Save this as CFScript.txt, in the same location as ComboFix.exe

Referring to the picture above, drag CFScript into ComboFix.exe

When finished, it will produce a log for you at C:\ComboFix.txt . Please paste into to your next reply.

Please go on go the next Reply.

 

[Bobbye]

Following the run of the script in Combofix:
Run Eset NOD32 Online AntiVirus scan HEREhttp://www.eset.eu/online-scanner

1. Tick the box next to YES, I accept the Terms of Use.
2. Click Start
3. When asked, allow the Active X control to install
4. Disable your current Antivirus software. You can usually do this with its Notification Tray icon near the clock.
5. Click Start
6. Make sure that the option "Remove found threats" is Unchecked, and the option "Scan unwanted applications" is checked
7. Click Scan
8. Wait for the scan to finish
9. Re-enable your Antivirus software.
10. A logfile is created and located at C:\Program Files\EsetOnlineScanner\log.txt.
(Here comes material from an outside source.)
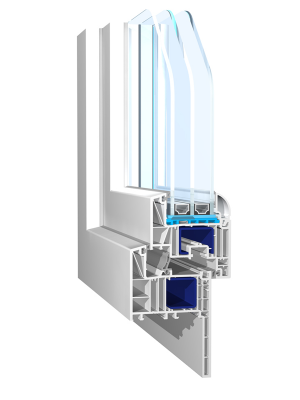 BluEvolution 82 Renovación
Please include this on your post.

============================================
Freez Online TV Toolbar
You have several Registry processes loading the Freez Online TV Toolbar for BHO (Browser Helper Object, Toolbar and 'Shell Execute Hooks' (SH). This type of toolbar, Conduit toolbars are reputed to have a certain trackware functionality. The name of the program and site, Free-Downloads.net, is all for freeware and shareware. While the program itself is legitimate, most of these programs are bundled with a generous amount of adware and some with spyware. I recommend that his be removed. I can do most of it using script again in Combofix.
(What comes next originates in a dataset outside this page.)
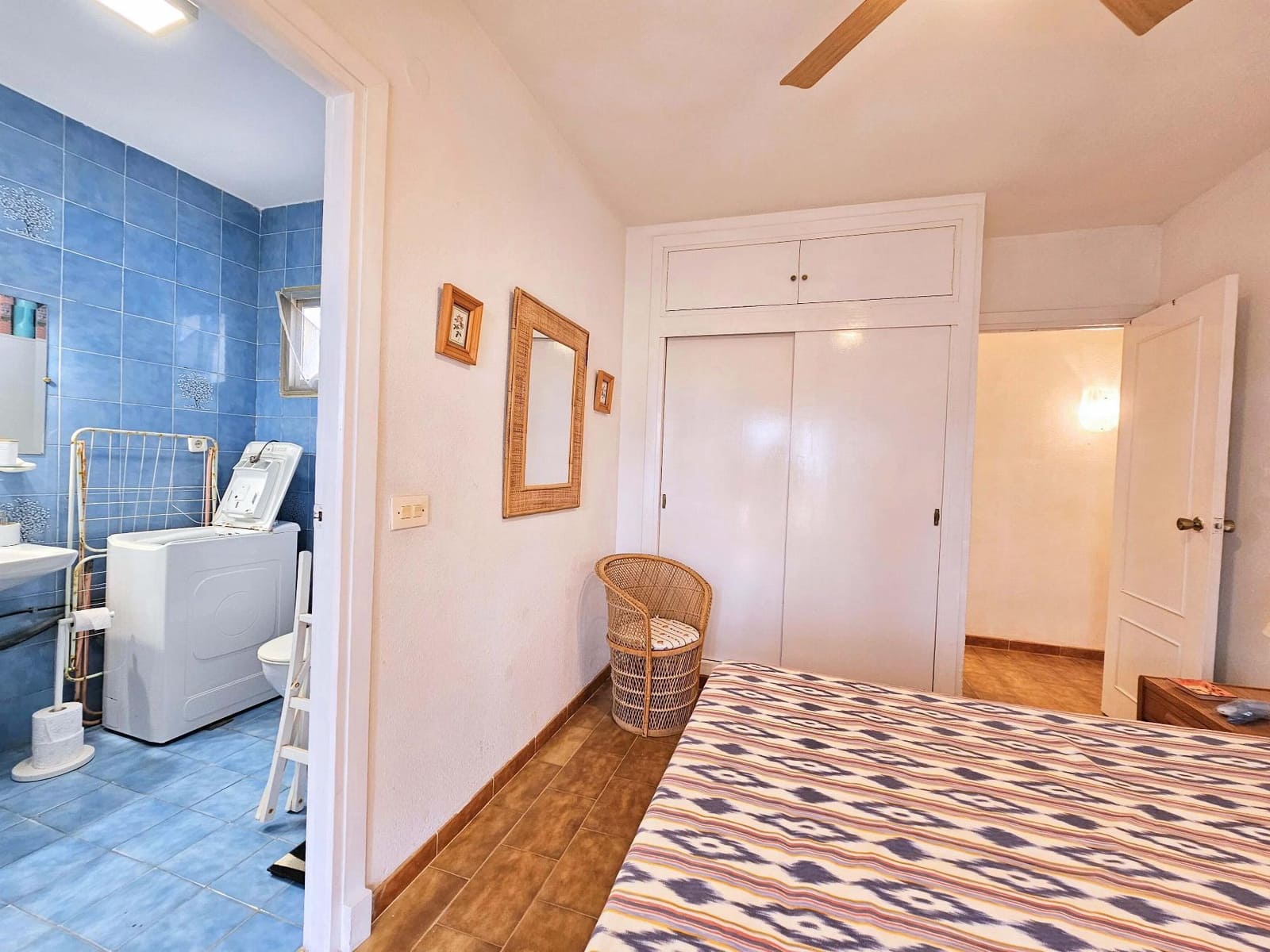 3 bedroom Apartment for rent in Cartagena with pool garage - € 4,000 (Ref: 8759535)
National Instruments Driver Software
It looks like you installed a large number of drivers for National Instruments Driver Software in July of 2007. It has been known to cause Blue Screen or Continuous Reboots. This is legitimate software but requires a great number of drivers to run. You can read more about that on their Knowledge Base HERE. Consider removing these entries unless you are still actively using them. I can also do that with script.

hotfix.exe

Hotfix.exe wasn't running when I opened taskmanager, and the location of it is also different from what you said it was: mine are in C:\WINDOWS\Microsoft.NET\Framework\v1.0.3705\Updates and " "\v.1.1.4332\Updates. Should I still delete them?
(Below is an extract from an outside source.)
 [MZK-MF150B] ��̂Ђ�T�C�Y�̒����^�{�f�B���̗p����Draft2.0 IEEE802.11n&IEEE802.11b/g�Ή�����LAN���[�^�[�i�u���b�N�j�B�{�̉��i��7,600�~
No, these are legitimate processes. This is not the same process for that would have been located in (It should be found in this folder: C:\\Documents and Settings\\User\\Application Data\\hotfix.exe. It is possible that the malware hotfix.exe didn't start in Safe Mode.

Scheduled Tasks
Most of these are usually for are auto-updates scheduled for programs that do not need them. They will make numerous internet connections every day, looking for updates that you can find manually. You want to keep these connection attempts as few as possible and then only if needed for the system. The only[/b[ auto-update I get is for the AV program.
Opening scheduled tasks to modify or delete them:
Access Scheduled Tasks with Click on Start> All Programs> Accessories> System Tools> Scheduled Tasks.
To change the settings for a task: right-click the Task> click Properties> do any of the following:

1. To change the schedule for the task, click the Schedule tab.
2. To customize the settings for the task, such as the maximum run time, idle time requirements, and power management options, click the Settings tab.
3. To delete a task> right-click the task> click Delete.
4. To prevent a task from running until you want to let it run again> right-click the task> Properties> On the General tab> clear the Enabled check box. Select the check box again to enable the task when you are ready to let the task scheduler run it again.

Suggest deleting these tasks:
RealUpgradeScheduledTask
RealUpgradeLogonTask
VersionCheck.job
c:\documents and settings\All Users\Application Data\WSTB\drv8.0.3.exe> radio station
These last 2 are part of the NCH Software for "Video Converter, Capture Streaming Video, Video Broadcast Software and more..."
videopadSevenDaysInit.
videopadShakeIcon

Maintenance scheduled tasks are a separate category.
====================================
One more scan after this and you should be okay.